Em 2014, o vazamento de produtos químicos em um rio motivou violentos protestos da população e obrigou a usina de Goro Nickel a suspender as operações. Ela pertencia a uma especialista em desastres ambientais e velha conhecida nossa: a Vale.

Seis anos depois, a situação política voltou a ficar tensa. O "não" venceu, por margem estreita, em mais um referendo. Rumores surgiram de que a Vale queria se livrar de Goro Nickel e vendê-la à Trafigura, uma empresa de commodities mergulhada em escândalos, sem envolver a comunidade local. O desastre de Brumadinho, ocorrido pouco antes, não passou batido, e muitos neocaledônios, preocupados, queriam cada vez mais distância da gigante brasileira.

A Vale acabou vendendo a usina a um consórcio que inclui participantes locais, mas também a Trafigura.
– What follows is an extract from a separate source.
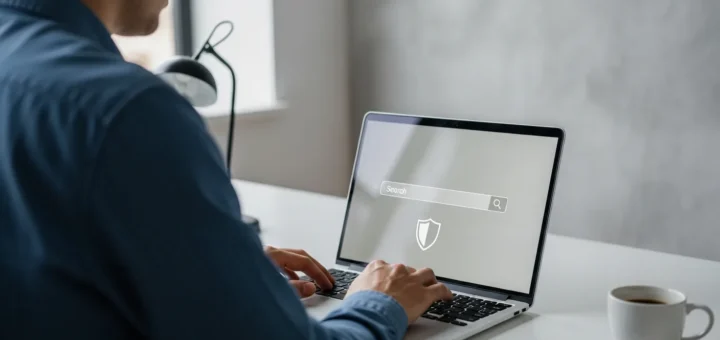 Comparison of the best private search engines 2026 displayed on a secure laptop screen to protect user data.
A planta foi repaginada para atender a crescente demanda por carros elétricos e hoje é uma queridinha da Tesla de Elon Musk.

A população segue de olho, atenta, pois a exploração de níquel é, com as tecnologias usadas atualmente, uma indústria suja e destrutiva. A Nova Caledônia tem outros potenciais econômicos, a começar pelo turismo.

James Cook a batizou de Nova Caledônia porque ela lembrava o território que os romanos chamavam de Caledônia e nós conhecemos como Escócia. As semelhanças estavam na paisagem, mas a história mostrou que elas não parariam por aí. Tanto Escócia como Nova Caledônia são territórios que há tempos flertam com a independência.

Além disso, a antiga Caledônia conseguiu resistir às investidas romanas com táticas de guerrilha. Atraíam soldados inimigos com vaquinhas e ovelhas inofensivas soltas no campo e os atacavam. Tudo na base do engano. Sandy foi só um detalhe.